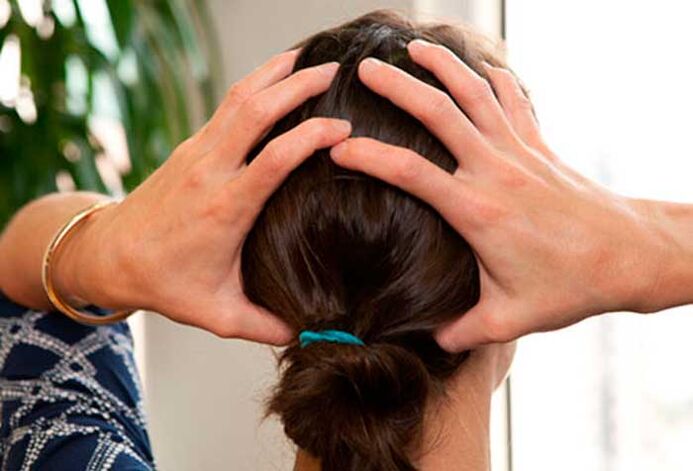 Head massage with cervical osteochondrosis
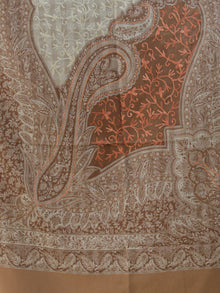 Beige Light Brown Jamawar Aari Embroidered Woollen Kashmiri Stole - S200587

--

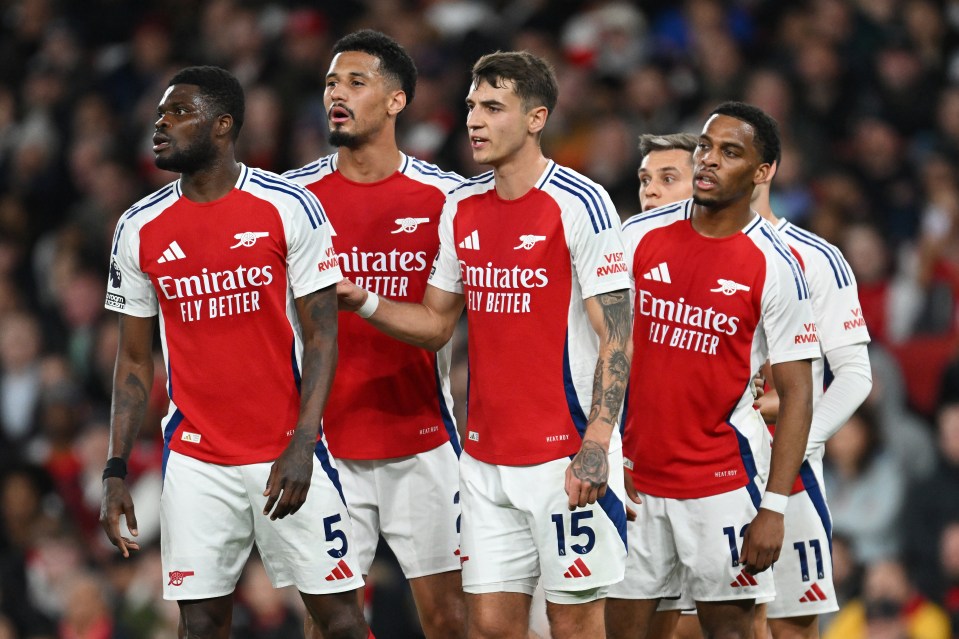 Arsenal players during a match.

---

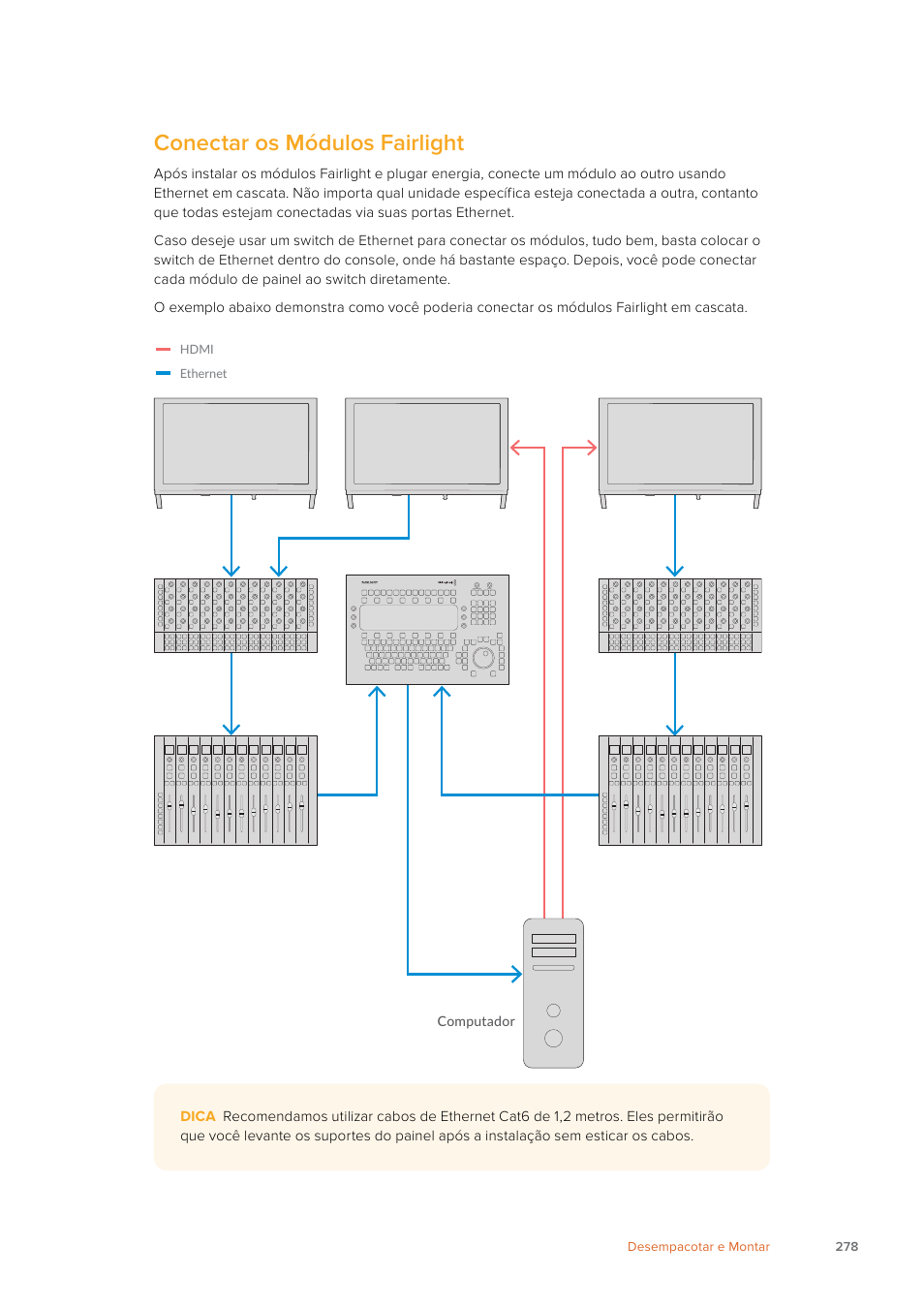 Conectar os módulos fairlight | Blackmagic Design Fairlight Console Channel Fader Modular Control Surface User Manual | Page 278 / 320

### Work to be completed
Start at the line containing "Head massage with cervical osteochondrosis" above and stop at the line containing "Beige Light Brown". Output those lines exactly, both included, but none of the pictures.

### Answer for the task
 Head massage with cervical osteochondrosis
 Beige Light Brown Jamawar Aari Embroidered Woollen Kashmiri Stole - S200587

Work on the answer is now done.